La modalidad de primarias para elegir tanto a los cargos orgánicos como a los integrantes de las candidaturas es común en determinadas culturas políticas, y de manera gradual y fluctuante ha aparecido también en nuestro país. Sin embargo, las cúpulas de las distintas fuerzas se resisten a respetar su limpieza y, o bien prescinden de ellas cuando les conviene, o interfieren descaradamente en su desarrollo y desenlace. En estos días previos a los comicios generales del 28 de Abril estamos asistiendo a variados y poco edificantes espectáculos en este ámbito.
Los partidos se resisten a respetar la limpieza de las primarias, y o bien prescinden de ellas cuando les conviene o interfieren en su desarrollo y desenlace
Las primarias tienen sus defensores y sus detractores. Hay ocasiones en que un dirigente surgido de este método es un desastre y otras en que resulta un acierto, y lo mismo sucede con la selección por el dedo del jefe, que a veces descubre un talento oculto o reconoce probados méritos y otras pone su favor en la lealtad perruna o en la adulación rastrera, sin que la competencia o las virtudes del bendecido jueguen el menor papel. Por tanto, ninguna de las dos fórmulas garantiza la bondad del nombramiento, más allá del vago principio general de que estadísticamente la competencia genera calidad.
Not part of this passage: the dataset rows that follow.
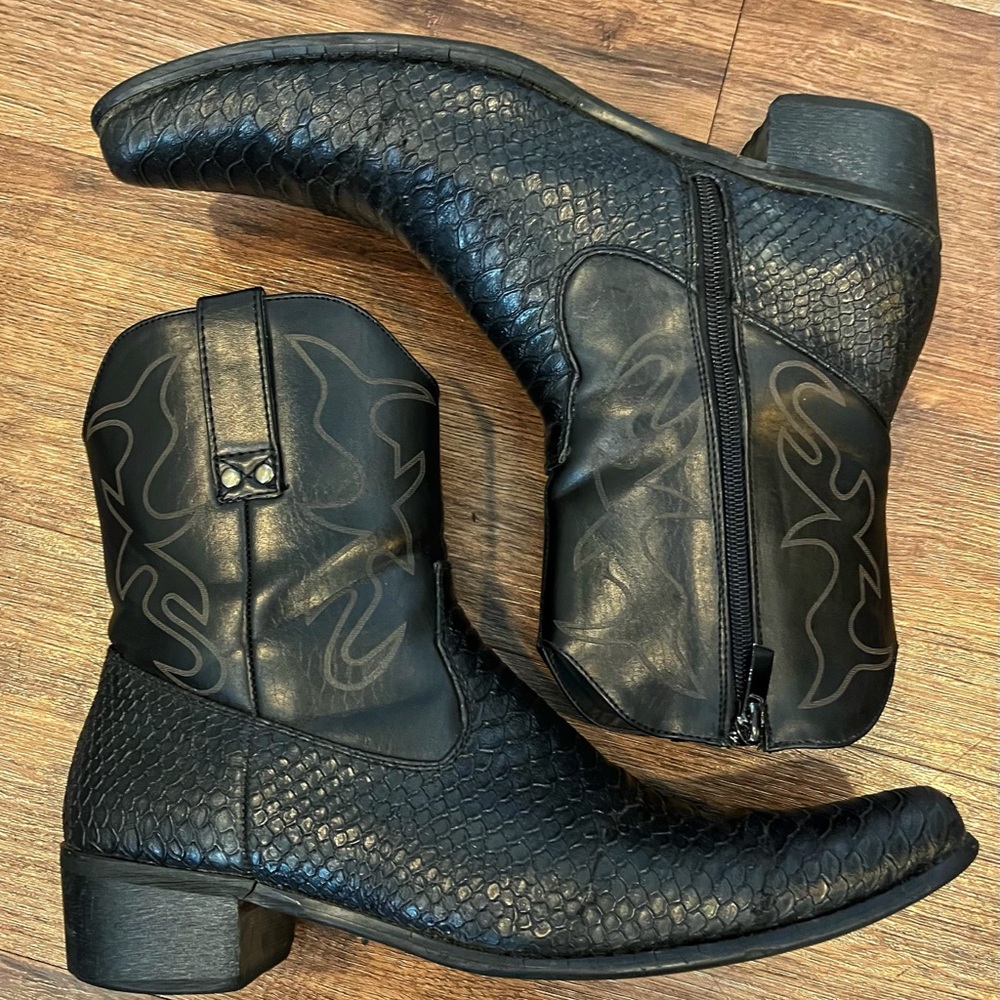 BRUNO HOMME Men’s Short Moto boot SZ 8.5 Black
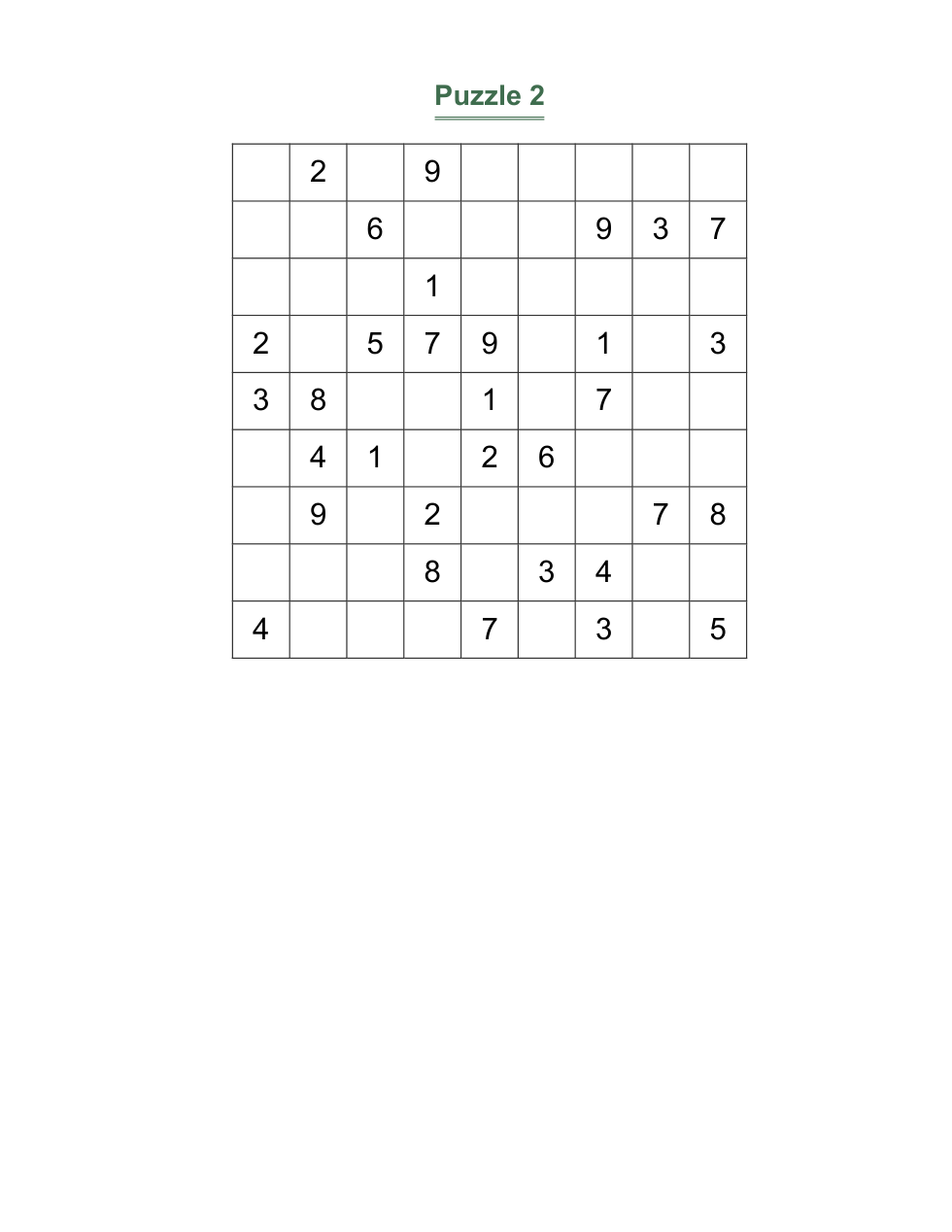 Large-Print Sudoku — 100 Puzzles — 2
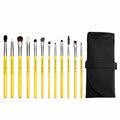 Bdellium Tools Professional Makeup Brush Studio - Eyes 12pc. Brush Set with Roll-Up Pouch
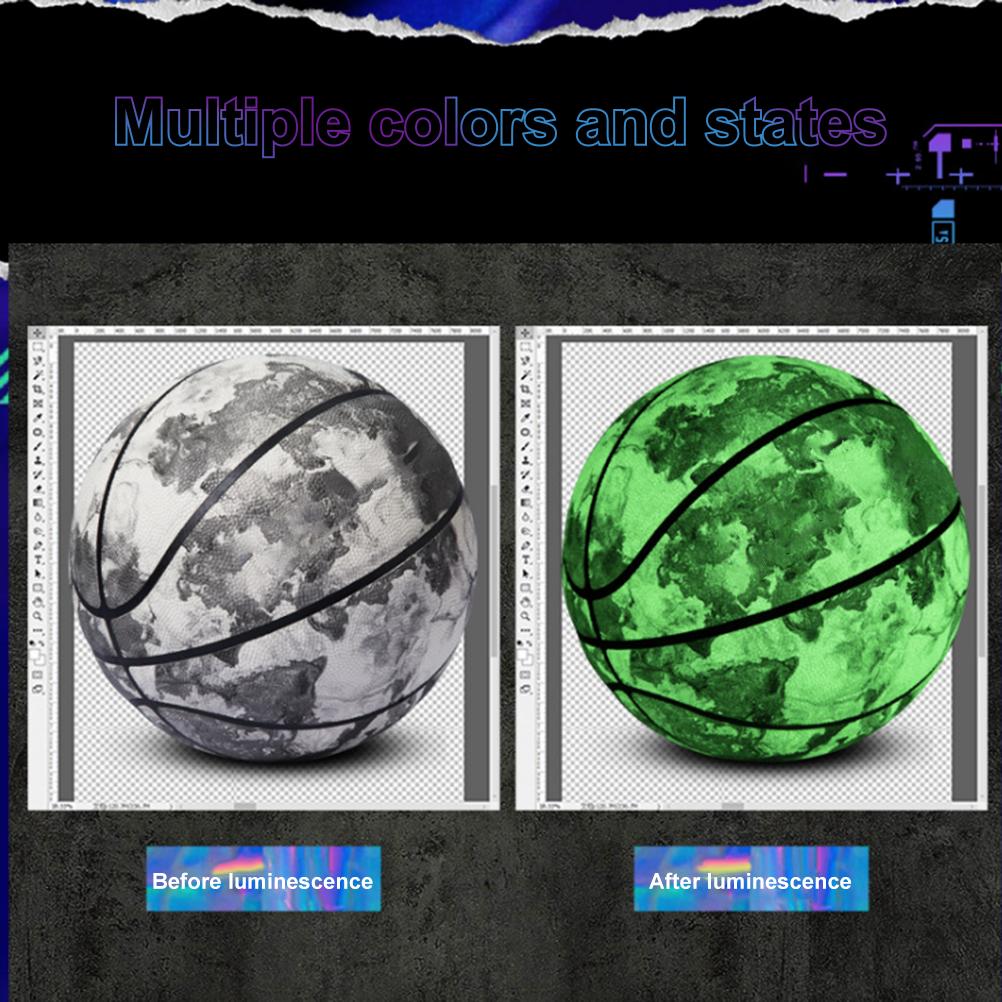 Size 7 Ing Basket Ball for Night Game  Dye Light Up Basketball  In The Dark Basketball Gifts Toys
La razón por la cual las primarias son a mi juicio la mejor opción radica en su carácter democrático, no en vano es ésta una exigencia en el artículo 6 de nuestra Constitución. Puestos a acertar o equivocarse, parece más apropiado que lo haga el conjunto de los afiliados que un autócrata en su despacho, si es que creemos en la participación de los representados a la hora de escoger quién los represente. Obviamente, hay sistemas electorales que dotan a las primarias de mayor legitimidad y los mayoritarios en circunscripciones de tamaño manejable garantizan un contacto estrecho y continuo de los elegidos con sus votantes y simpatizantes, mientras que los proporcionales de grandes distritos con listas cerradas y bloqueadas dificultan un correcto funcionamiento de la democracia interna al alejar al diputado de su electorado, que frecuentemente desconoce hasta su nombre.
Ente las varias reformas profundas que requiere nuestra arquitectura institucional figuran sin duda la ley electoral y la implantación rigurosa de la democracia interna en los partidos, medidas que van de la mano al ser marcadamente interdependientes. Si dispusiésemos de estas estructuras, la absurda polémica a la que estamos asistiendo sobre un partido pidiendo a un rival que renuncie a presentarse en provincias con pocos escaños sin ofrecerle compensación alguna no tendría objeto y disfrutaríamos de una democracia más sólida y operativa.